Use Green's Theorem to evaluate the line integral: \begin{align}\int_{C}(x-9y)dx+(x+y)dy\end{align}
C is the boundary of the region lying between the graphs: \begin{align}x^2+y^2=1\text{ and }x^2+y^2=81\end{align}
I understand that the easiest way would then be to find the area of each circle and subtract, giving a final answer of \begin{align}\ 800 \pi\end{align}
I would like to know how to work it out truly using Green's Theorem. My thoughts are as follows: \begin{align}\int_C \left(\frac{\partial N}{\partial x}-\frac{\partial M}{\partial y}\right)dA &=\int_{-9}^{9}\int_{-\sqrt{1-x^2}}^{\sqrt{1-x^2}}\left(1+9\right)dy\,dx \\\\&=20\int_{-9}^{9}\sqrt{1-x^2}dx\end{align}
This is where I am stuck. I can use trig substitution but I end up with imaginary numbers. I must be setting it up wrong but I am not sure where. I know my limits of integration are referencing the inner circle but the limits of integration on the exterior create the imaginary numbers.

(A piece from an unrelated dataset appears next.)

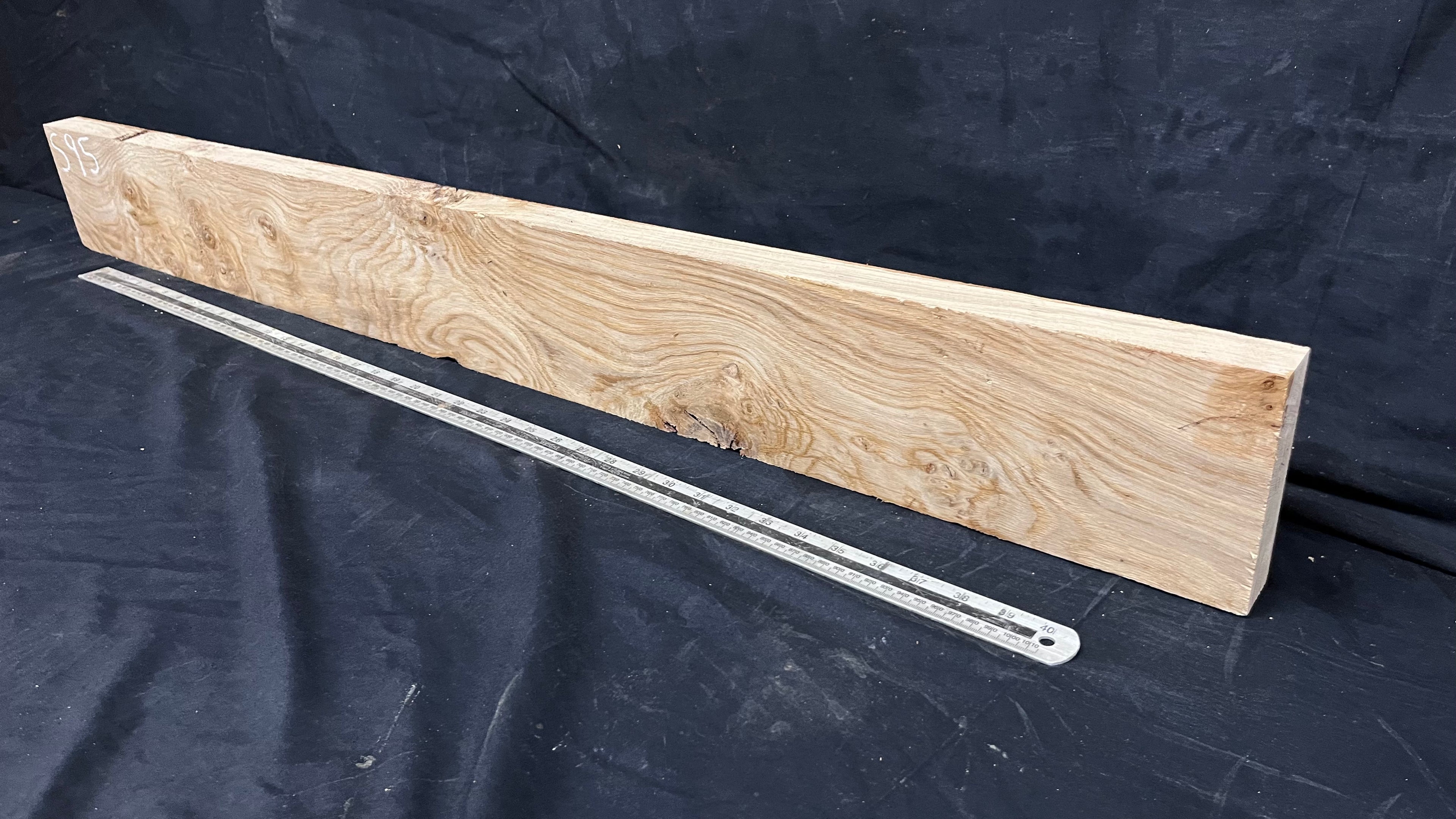 Pippy Oak, shelf, mantel, craft wood, floating shelf, 1185 L x 131 W x 37 D mm     (595)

Thank you for any assistance!
In rectangular coordinates, the interior of $C$ (call it $D$) is the set
$$D=\left\{\begin{array}{c|c} &\left(-9\le x\le-1\,\land\,|y|\le\sqrt{81-x^2}\right)\lor\\[1ex] (x,y)&\left(|x|\le1\,\land\,\sqrt{1-x^2}\le|y|\le\sqrt{81-x^2}\right)\lor\\[1ex]&\left(1\le x\le9\,\land\,|y|\le\sqrt{81-x^2}\right)\end{array}\right\}$$
(there may be a way to simplify the inequalities but the above will do for your purposes)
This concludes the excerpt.